Scaling Laws for Gaussian Random Many-Access Channels

TL;DR

This paper analyzes the capacity limits of Gaussian many-access channels with growing user numbers, revealing sharp transitions in achievable energy-efficient communication based on user activity and growth rates.

Contribution

It establishes precise thresholds for when interference-free communication is possible in large-scale Gaussian multiple-access channels with random user activity.

Findings

Orthogonal schemes are optimal when all users are active and their number is bounded.

Capacity per unit-energy drops to zero when user activity grows too fast.

There are sharp phase transitions in capacity depending on growth rates of users and activity.

Abstract

This paper considers a Gaussian multiple-access channel with random user activity where the total number of users $\ell_n$ and the average number of active users $k_n$ may grow with the blocklength $n$. For this channel, it studies the maximum number of bits that can be transmitted reliably per unit-energy as a function of $\ell_n$ and $k_n$. When all users are active with probability one, i.e., $\ell_n = k_n$, it is demonstrated that if $k_n$ is of an order strictly below $n/\log n$, then each user can achieve the single-user capacity per unit-energy $(\log e)/N_0$ (where $N_0/ 2$ is the noise power) by using an orthogonal-access scheme. In contrast, if $k_n$ is of an order strictly above $n/\log n$, then the capacity per unit-energy is zero. Consequently, there is a sharp transition between orders of growth where interference-free communication is feasible and orders of growth where reliable communication at a positive rate per unit-energy is infeasible. It is further demonstrated that orthogonal-access schemes in combination with orthogonal codebooks, which achieve the capacity per unit-energy when the number of users is bounded, can be strictly suboptimal. When the user activity is random, i.e., when $\ell_n$ and $k_n$ are different, it is demonstrated that if $k_n\log \ell_n$ is sublinear in $n$, then each user can achieve the single-user capacity per unit-energy $(\log e)/N_0$. Conversely, if $k_n\log \ell_n$ is superlinear in $n$, then the capacity per unit-energy is zero.
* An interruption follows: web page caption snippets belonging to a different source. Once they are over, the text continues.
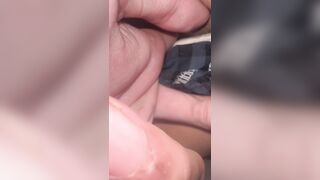 Nghịch lồn e gái nuôi đang ngủ,nhìn lồn non mà nứng quá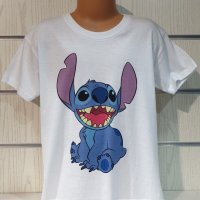 Нова бяла детска тениска с дигитален печат Стич (Stitch), снимка 3 - Детски тениски и потници - 38168198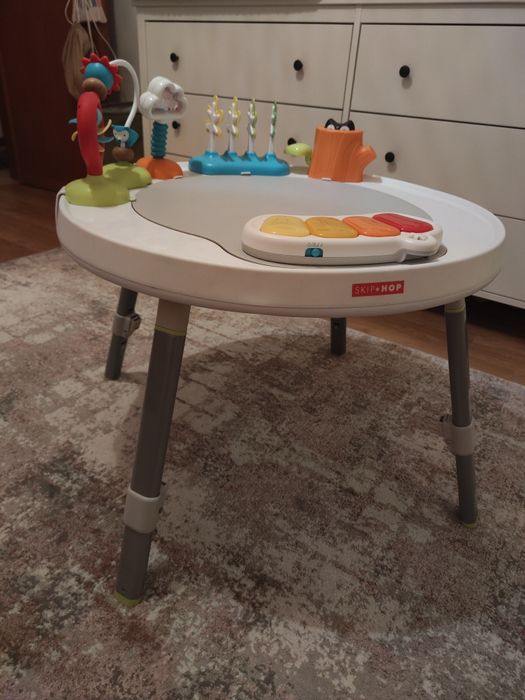 Mesa actividades de 3 níveis de uso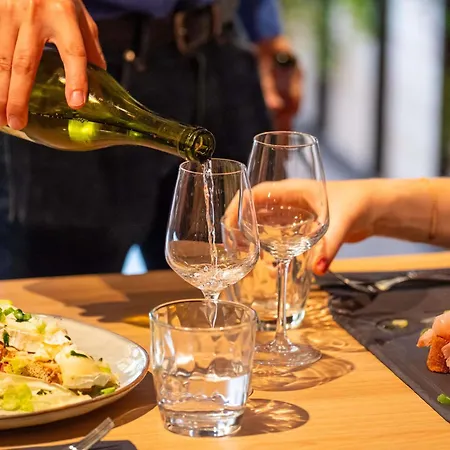 Ibis Nantes Отель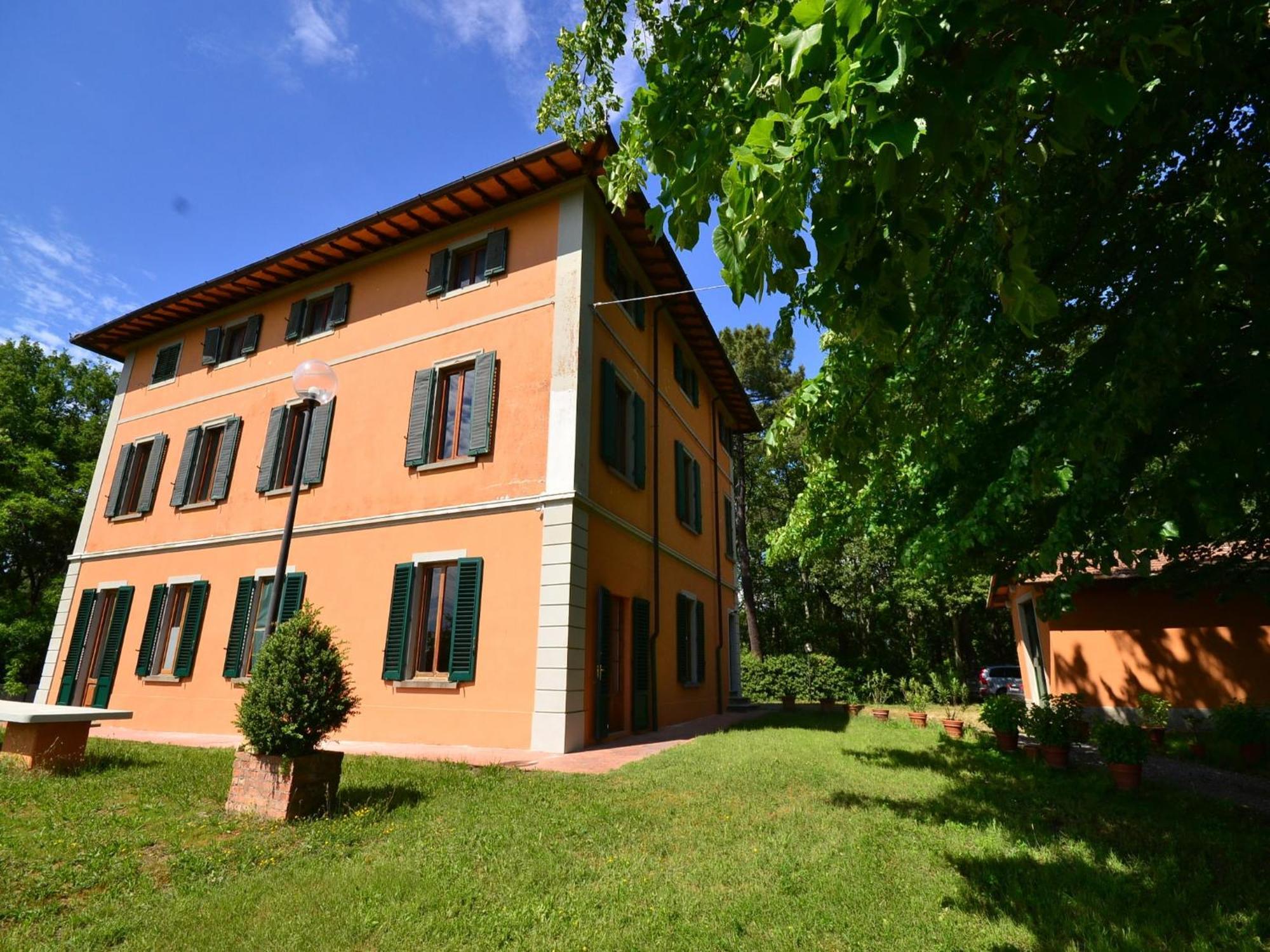 Lovely Holiday Home In Montefiridolfi With Hill View Ngoại thất bức ảnh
Consequently, there is again a sharp transition between orders of growth where interference-free communication is feasible and orders of growth where reliable communication at a positive rate is infeasible that depends on the asymptotic behaviours of both $\ell_n$ and $k_n$. It is further demonstrated that orthogonal-access schemes, which are optimal when $\ell_n = k_n$, can be strictly suboptimal.